本記事では、Riedel葉の特徴、鑑別診断、臨床的意義をわかりやすく解説します。
Riedel葉とは?|定義と発生機序
Riedel葉は、肝右葉の下縁が舌状に延長した肝実質であり、腫瘤や異常としてではなく、先天的な正常解剖のバリエーションとして分類されます。1888年にCarl Ludwig Riedelによって報告され、その名称がつけられました。
- 分類:正常変異(variation)
- 好発:成人女性にやや多い
- 頻度:画像診断での発見頻度は10〜15%程度と報告されることも
- 歴史背景:歴史的に腫瘤と誤診されることがあったが、画像診断が発達した今は異常な腫瘤とされることはほぼない。

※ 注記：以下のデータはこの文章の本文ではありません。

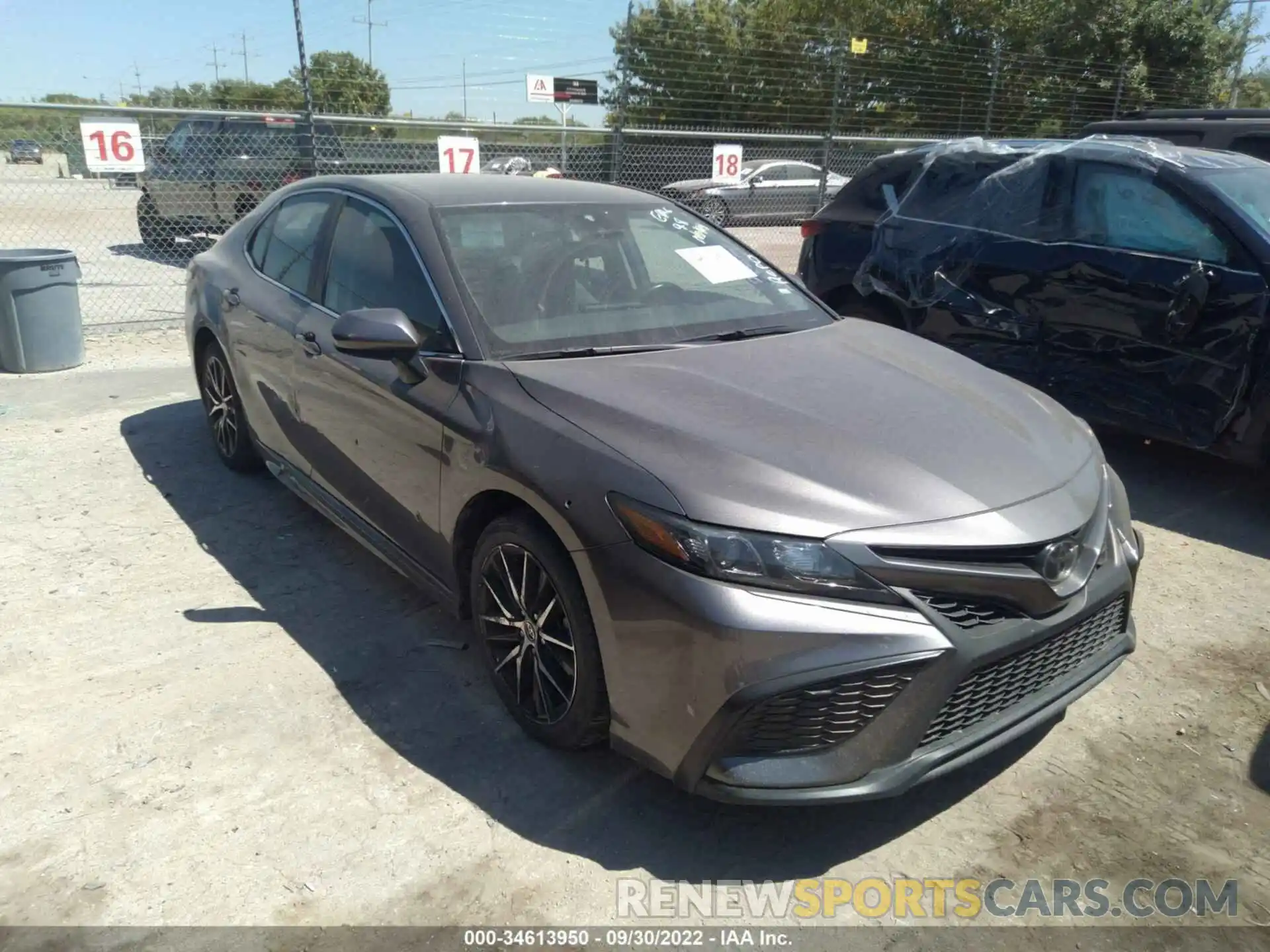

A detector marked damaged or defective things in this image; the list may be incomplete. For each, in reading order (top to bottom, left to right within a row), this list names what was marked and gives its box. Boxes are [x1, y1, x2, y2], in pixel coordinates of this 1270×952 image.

damaged vehicle [799, 138, 1270, 465]
wrecked black car [799, 139, 1270, 465]
damaged vehicle [187, 173, 1143, 804]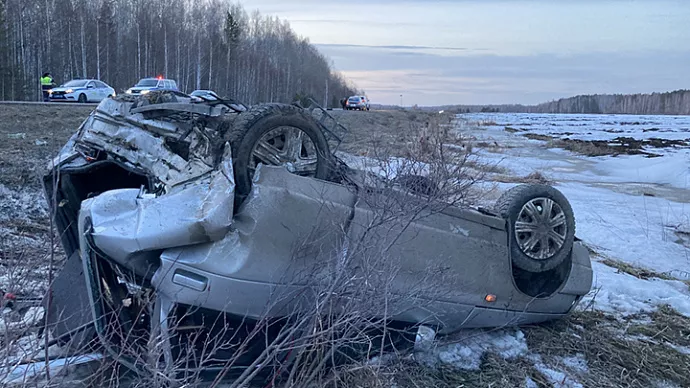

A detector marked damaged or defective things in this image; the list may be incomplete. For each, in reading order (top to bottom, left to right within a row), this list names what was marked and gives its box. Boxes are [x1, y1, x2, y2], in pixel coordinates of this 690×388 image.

exposed car wheel [226, 102, 330, 200]
overturned car [43, 93, 592, 378]
exposed car wheel [492, 184, 572, 272]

- Riedel葉自体は無症候性であり、治療や経過観察は不要。
Riedel葉の画像診断での特徴|CT・MRI所見
Riedel葉は、CTやMRIで肝右葉の下面になめらかな肝実質が舌状に下方へ延長している所見として現れます。以下が典型的な画像特徴です:
- 肝実質と同一のCT濃度・MRI信号を持つ
- 血管構造(門脈・肝動脈・静脈)が正常に分布している
- 辺縁は滑らかで、造影効果も本体と一致
- 冠状断像で肝の先端が臍部・骨盤腔内までおよぶものとされるが、診断基準が確立されておらず、報告により定義が異なる可能性がある点に注意。

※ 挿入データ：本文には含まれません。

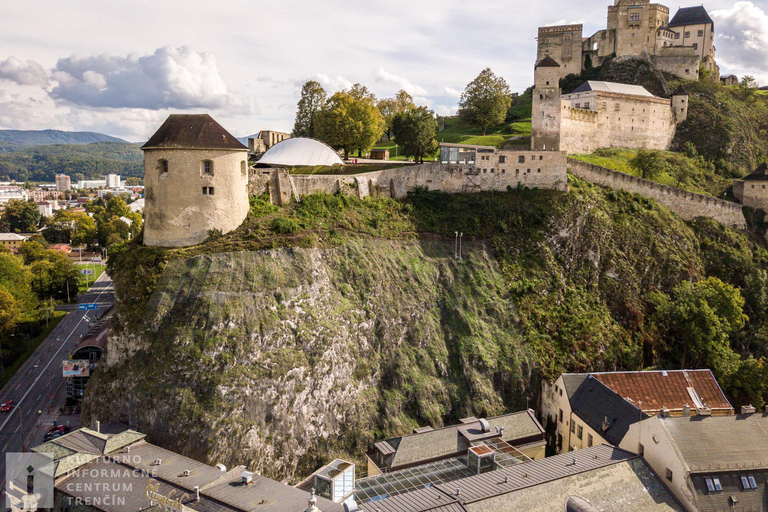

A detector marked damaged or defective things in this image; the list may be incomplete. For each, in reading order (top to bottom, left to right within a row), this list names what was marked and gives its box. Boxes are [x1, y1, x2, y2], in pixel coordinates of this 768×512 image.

rusty roof [140, 113, 244, 150]
rusty roof [592, 370, 732, 414]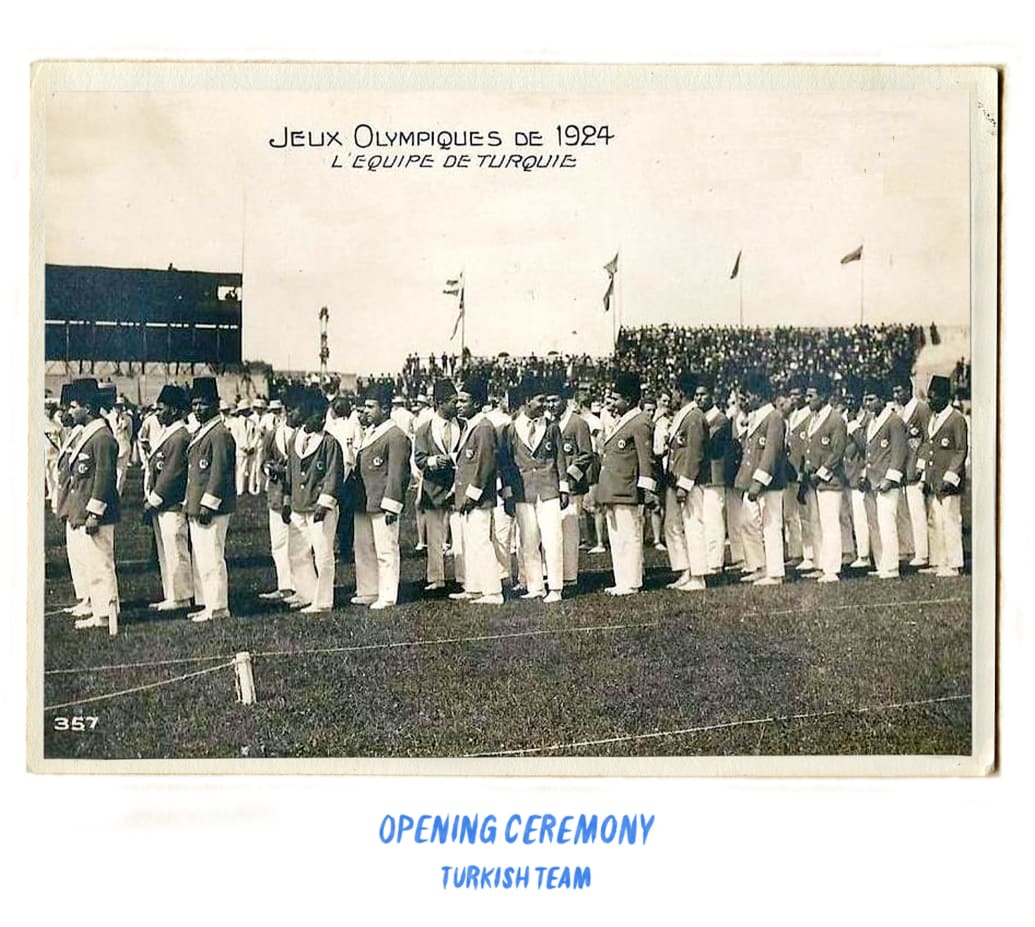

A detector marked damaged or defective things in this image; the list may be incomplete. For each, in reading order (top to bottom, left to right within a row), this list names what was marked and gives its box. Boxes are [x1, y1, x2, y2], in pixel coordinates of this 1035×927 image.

torn corner of photo [22, 61, 993, 778]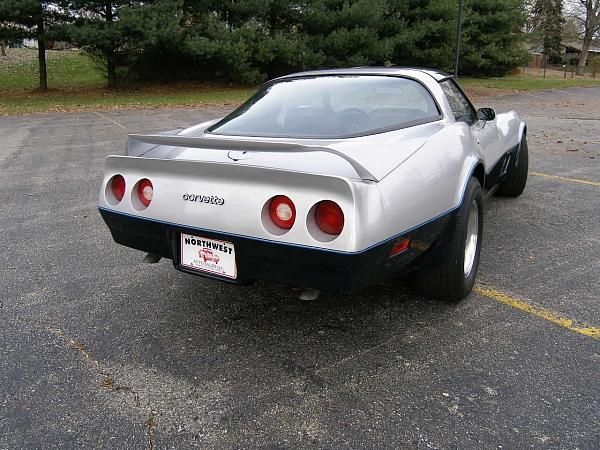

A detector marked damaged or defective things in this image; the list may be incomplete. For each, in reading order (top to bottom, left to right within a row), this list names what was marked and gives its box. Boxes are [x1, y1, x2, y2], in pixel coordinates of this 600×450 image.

crack in asphalt [16, 316, 158, 450]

造影CTでは動脈相・門脈相いずれも正常肝と同様の造影パターンを示すことが、腫瘍との明確な鑑別ポイントとなります。
症例 70歳代女性
引用:radiopedia
冠状断CT再構成像では、肝臓の下部が肋骨弓の下に位置しています。
周囲肝実質と同等の造影効果、濃度を示しています。
Riedel葉を疑う所見です。
腫瘍やリンパ節との鑑別
Riedel葉は、腫瘍やリンパ節腫大、異所性肝などと誤認されることがあります。鑑別において重要なのは:
- 肝と連続した実質であること
- 正常肝と同じ濃度・造影パターン
- 血管構造が連続して存在していること
これらの所見が揃えば、Riedel葉と判断することが可能です。
Riedel葉は副肝なのか?
一部の文献では、Riedel葉を「副肝(accessory liver lobe)」の一形態とみなすこともあります。しかし、臨床・画像診断の文脈では、Riedel葉は『正常変異』として独立して扱われるのが一般的です。
関連記事:肝臓の形態異常・正常変異とは?Riedel葉や副肝を正しく理解しよう
まとめ
Riedel葉は、腫瘤と見間違えやすい正常変異の代表例です。画像診断においては、構造の連続性、造影パターン、血管走行をしっかり確認することで誤認を防げます。

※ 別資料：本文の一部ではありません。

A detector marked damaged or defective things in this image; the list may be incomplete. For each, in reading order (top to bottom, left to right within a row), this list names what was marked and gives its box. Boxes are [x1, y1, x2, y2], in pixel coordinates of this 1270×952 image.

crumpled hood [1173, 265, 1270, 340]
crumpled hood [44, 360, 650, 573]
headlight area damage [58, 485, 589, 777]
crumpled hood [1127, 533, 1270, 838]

読影者は「腫瘤らしき陰影=病変」と短絡せず、「正常解剖バリエーション」の可能性を念頭に置くことで、より安全かつ正確な診断が可能になります。
参考文献
- Riedel M. Ueber den zungenförmigen Fortsatz des rechten Leberlappens und seine pathologische Bedeutung. Verh Dtsch Ges Chir. 1888;17:93–7.
- Kumar M et al. Riedel’s lobe of liver – a rare anatomical variant: a case report. Int J Anat Var. 2010;3:88-90.
- 金井理葵 ほか. 保存的に経過観察しえた肝副葉捻転と思われる1例. 臨床放射線. 2021;66(7):943-947.